I vantaggi economici hanno anche reso attraente l'energia solare compatibile con gli impollinatori per gli sviluppatori.

Eric Luesebrink, vicepresidente senior dello sviluppo di ENGIE Distributed Renewables, ha affermato di ritenere che il solare amico degli impollinatori della società avrebbe costi operativi e di manutenzione a lungo termine inferiori, aiutando ENGIE a essere un "buon vicino" per i proprietari terrieri locali e a "restituire" per l'ambiente. "Penso che non sia un cattivo compromesso per noi", ha detto, sottolineando il costo iniziale.

Forgiare avanti

Anche se il solare amico degli impollinatori sta diventando sempre più popolare, tuttavia, gli standard per come dovrebbe apparire rimangono pochi e lontani tra loro. Secondo Fresh Energy, le scorecard amiche degli impollinatori, che definiscono una serie di criteri approvati dagli entomologi per ciò che costituisce "vantaggioso per gli impollinatori" all'interno del panorama gestito di un impianto solare fotovoltaico, sono state attualmente pubblicate per un totale di 12 stati, ma il loro utilizzo è richiesto dalla legge solo in otto di essi.

Davis ha affermato che l'utilizzo di scorecard, che ha definito "uno strumento equo e flessibile per migliorare la vegetazione nei parchi solari", è importante per creare fiducia tra le comunità e gli sviluppatori.

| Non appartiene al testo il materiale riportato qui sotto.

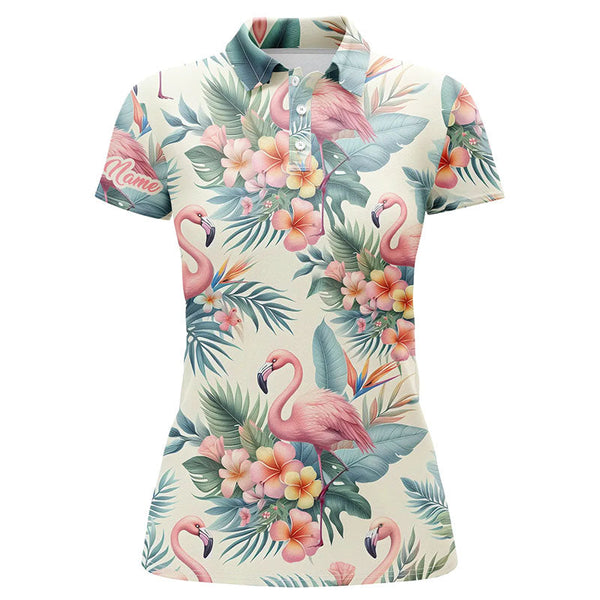 Pink Flamingo Tropical Womens Golf Polo Shirts Customized Golf Shirts For Women Golfing Gifts LDT1309
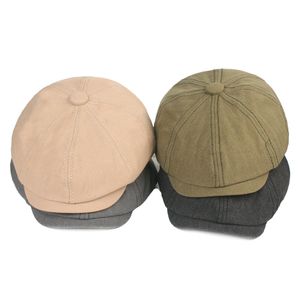 Gorro octogonal Retro para hombre, gorra de pintor desgastada lavada con visera, sombrero juvenil literario, boina para mujer, primavera y otoño, 2022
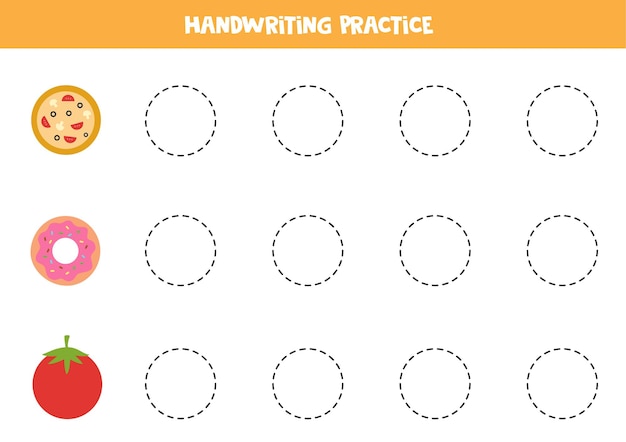 Rastreo de contornos de lindos objetos circulares. Práctica de escritura a mano para niños.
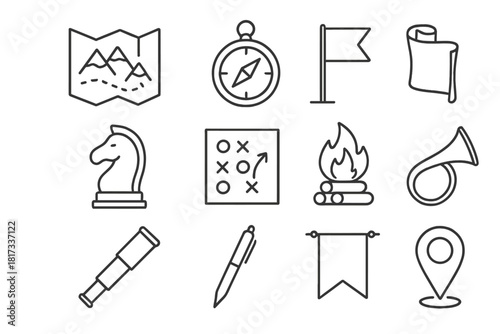 Military Strategy Icons. Line style icons of Military Strategy: Map, Compass, Flag, Scroll; Chess Piece, Battle Formation, Signal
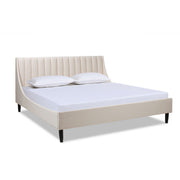 Aspen - King Vertical Tufted Headboard Platform Bed Set - Light Beige - R&R Furniture Gallery (Fountain Valley, CA)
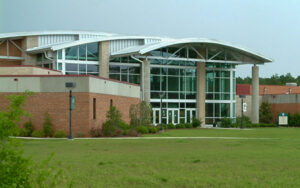 Physical Education Building and landscaped campus grounds at East Georgia State College in Swainsboro, Georgia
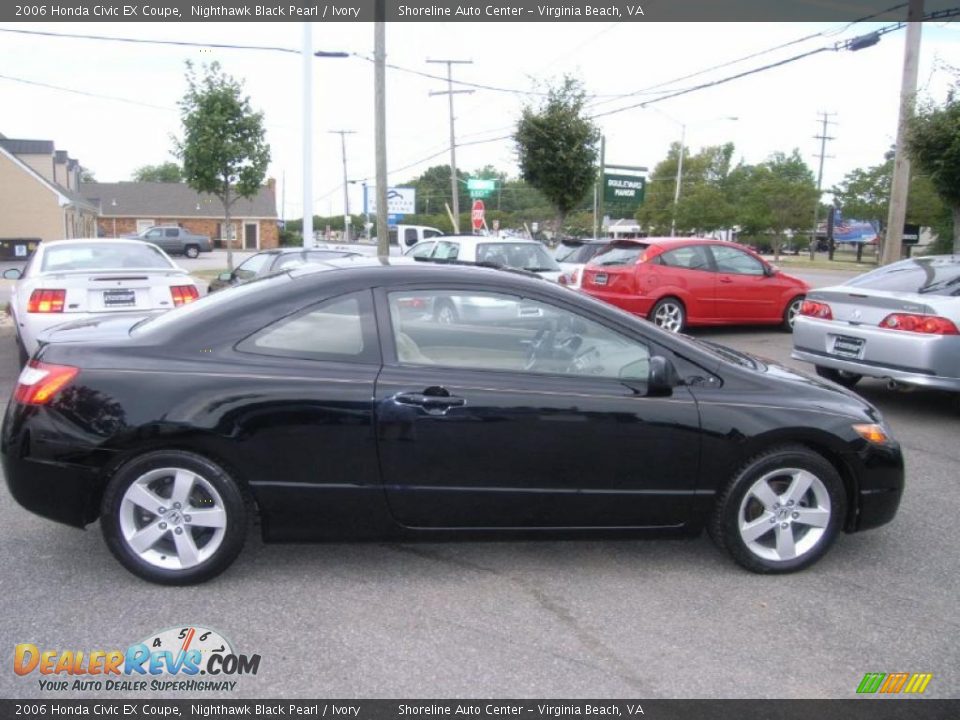 2006 Honda Civic EX Coupe Nighthawk Black Pearl / Ivory Photo #6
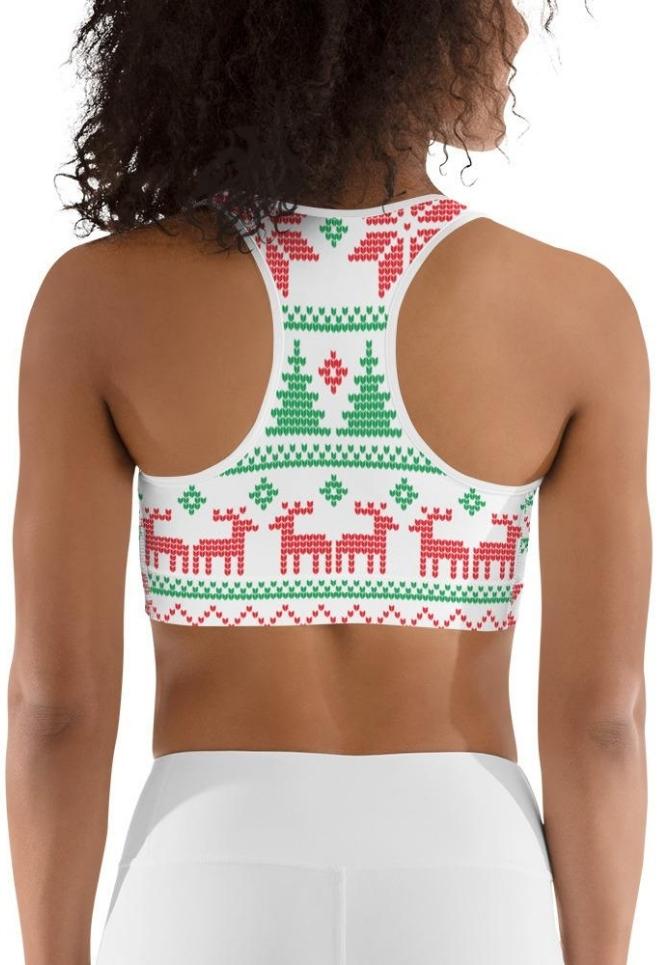 Vintage Knit Print Sports Bra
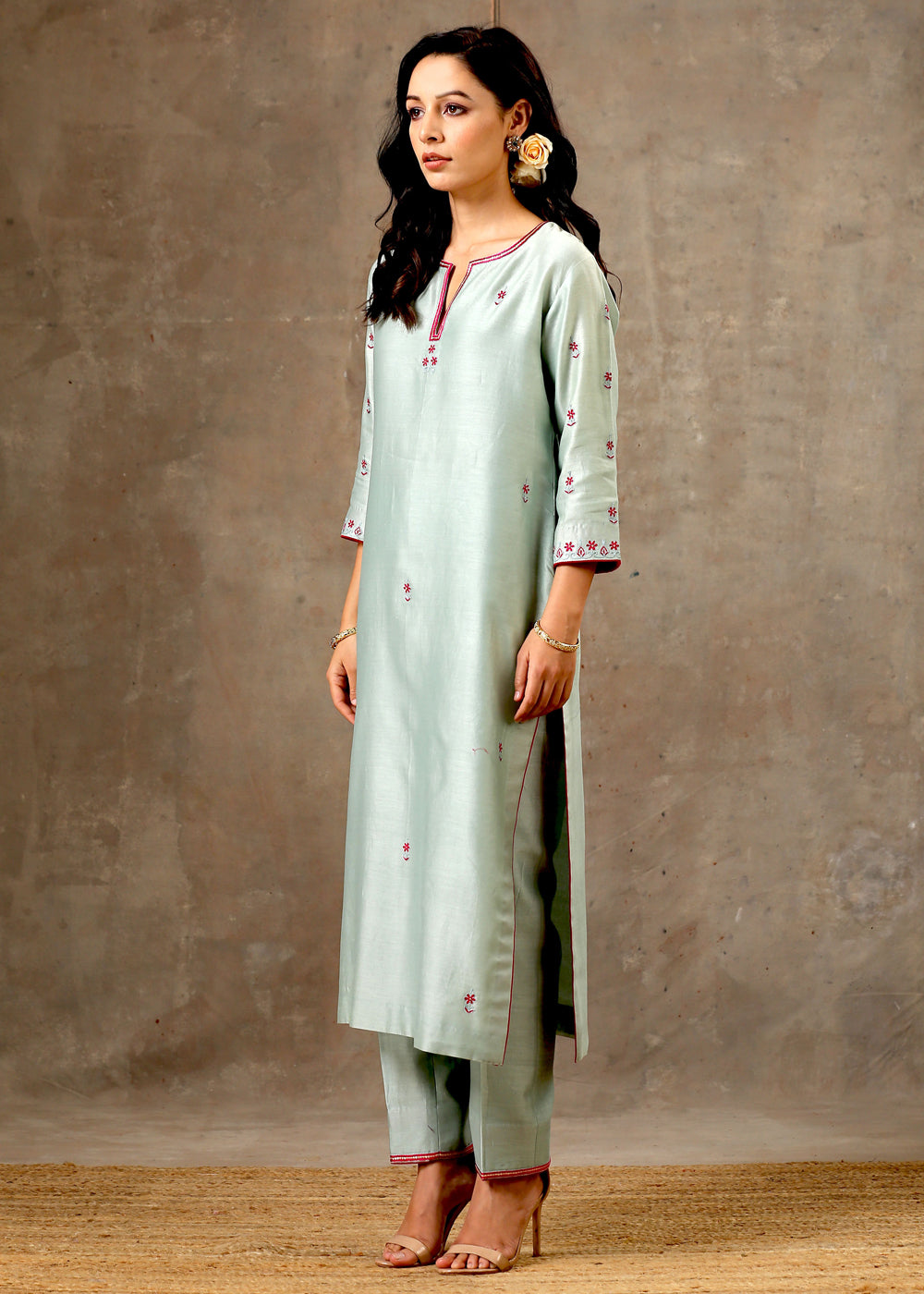 Sage Green Pink Hand Embroidered Chanderi Silk Kurta Set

Dove non esistono schede di valutazione specifiche dello stato, come in California, c'è più ambiguità su cosa significhi favorevole agli impollinatori, lasciando potenzialmente spazio agli sviluppatori per appropriarsi indebitamente dell'etichetta, affermano i sostenitori del solare amico degli impollinatori.

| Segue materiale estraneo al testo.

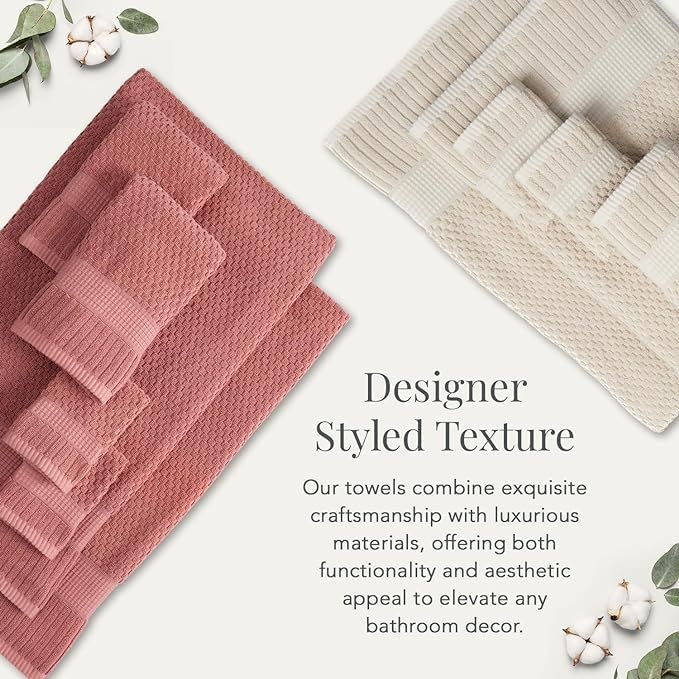 NY Loft 100% Cotton Hand Towel 6 Pack Hand Towel Set | Super Soft & Absorbent Quick-Dry Hand Towels 16" x 28" |Textured and Durable Cotton | Trinity Collection (6 Pack Hand Towel, Sage)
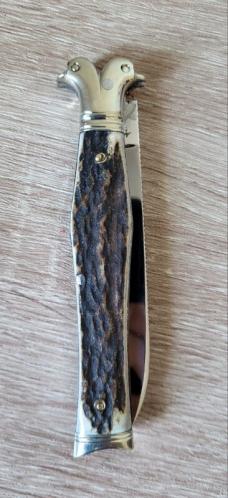 Rare 4 1/4" Custom Handmade Double Bird's Head Bolster Knife with Beautiful Stag Handles
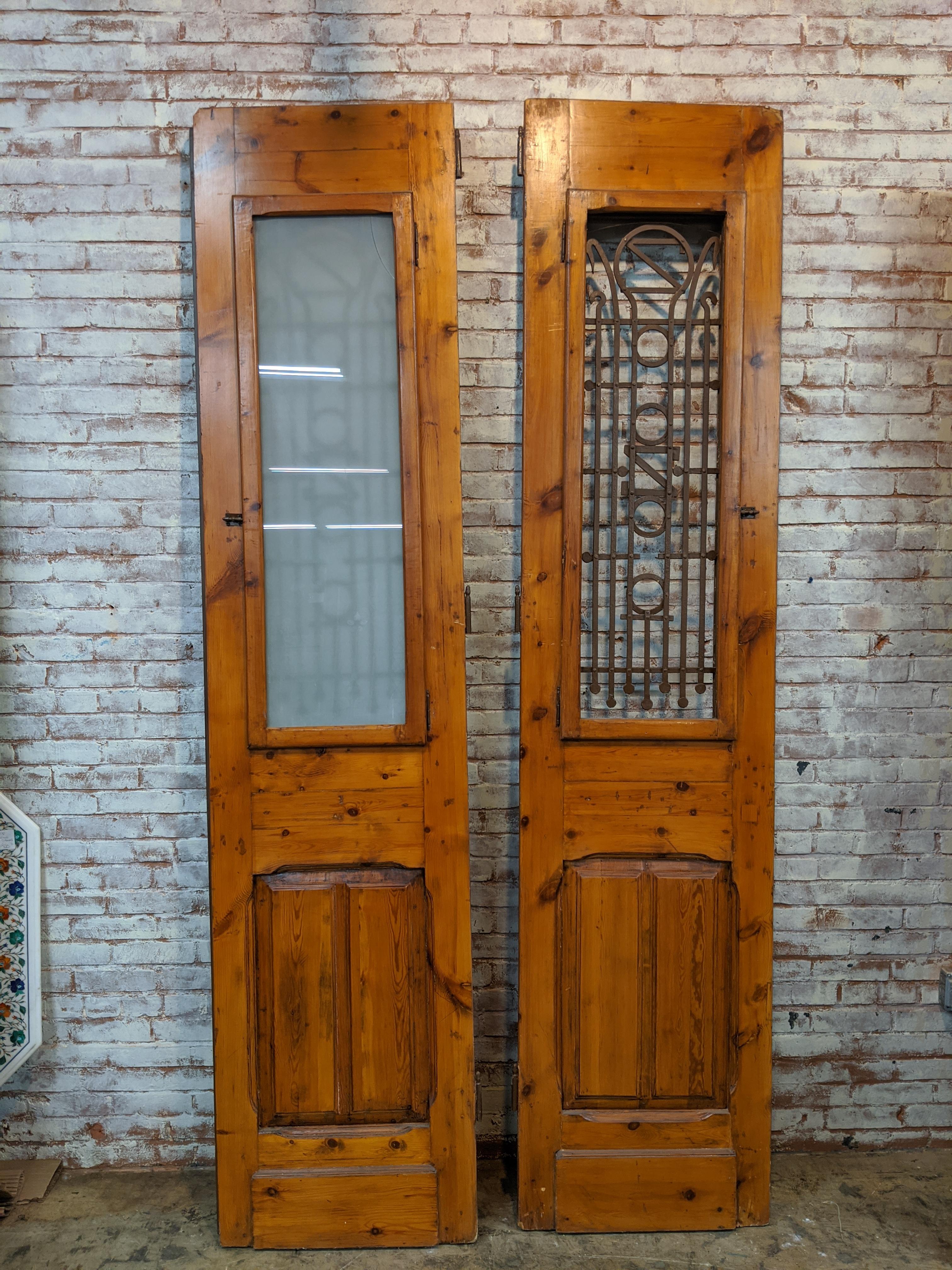 Vintage Set of 2 Carved Doors from Egypt with Original Ironwork 2
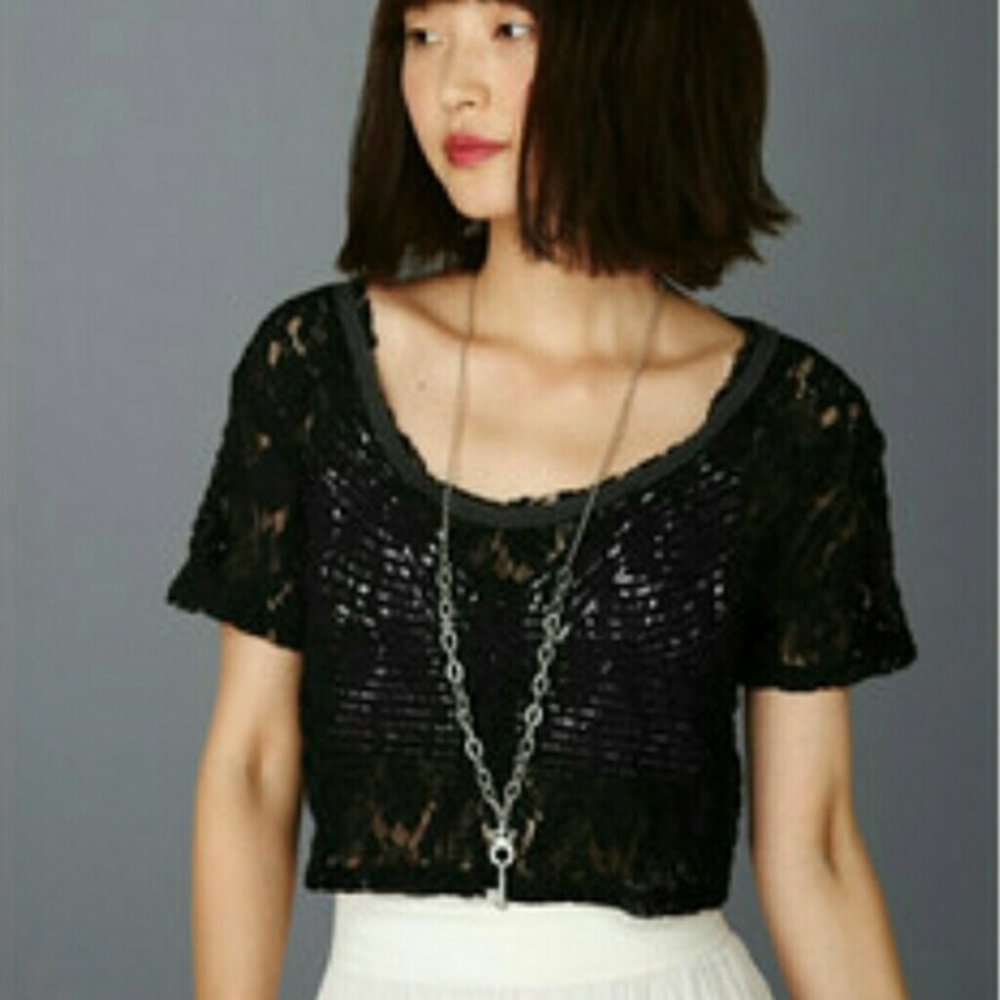 Free People Black Boxy Lace Crop Top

Per garantire l'integrità dei progetti in corso, Hammond di Clif Bar ha affermato di sperare di vedere standard altrettanto solidi e chiari da terze parti rispettabili emergere per lo sviluppo solare favorevole agli impollinatori come attualmente esistono per le infrastrutture verdi, citando gli standard LEED ideati dagli Stati Uniti Green Building Council come modello.

"Non possiamo permettere che vengano cambiati da persone che cercano di ottenere credito per qualcosa per cui non meritano credito", ha detto Hammond di progetti favorevoli agli impollinatori, aggiungendo "Quando hai una società che punta a una singola linea di fondo , cercano sempre modi per eseguire scorciatoie ".

Black, della Xerces Society, ha anche suggerito di creare un processo di certificazione di terze parti per il solare amico degli impollinatori.

Oltre a utilizzare una scheda di valutazione favorevole agli impollinatori per garantire le migliori pratiche, Siegner ha incoraggiato le aziende a rendere trasparenti le informazioni sulla natura del loro habitat favorevole agli impollinatori.

"Dovrebbero rendere davvero facile per le persone come te e me controllare le loro affermazioni", ha detto.

Per quanto riguarda Lightsource bp, Edwards ha affermato che il giardino degli impollinatori di Wildflower sarà costruito dopo la costruzione del sito, probabilmente nel primo trimestre del 2021. Ha anche affermato che la società prevede di continuare a implementare habitat compatibili con gli impollinatori in tutto il suo portafoglio.

"Questa non è una cosa da fare con Wildflower", ha detto. "È un impegno aziendale."

Questo articolo è stato aggiornato per chiarire che Lightsource bp afferma che la società si è impegnata a promuovere la biodiversità e gli habitat degli impollinatori sin dalla fondazione dell'azienda nel 2010.

Ilana Cohen

Reporter, New York City

Ilana Cohen è una orgogliosa newyorkese e una giovane studentessa in ascesa all'Università di Harvard che studia filosofia e studi sociali. In qualità di matricola universitaria, ha contribuito a rilanciare la campagna di disinvestimento dai combustibili fossili nel campus di Harvard e attualmente è Associate Managing Editor della Harvard Political Review, per la quale ha scritto e curato numerosi articoli su questioni climatiche e ambientali. Come giornalista freelance, Ilana ha contribuito a The Nation, The Guardian, The New York Daily News, WBUR, Gotham Gazette, The Harvard Crimson e City Limits.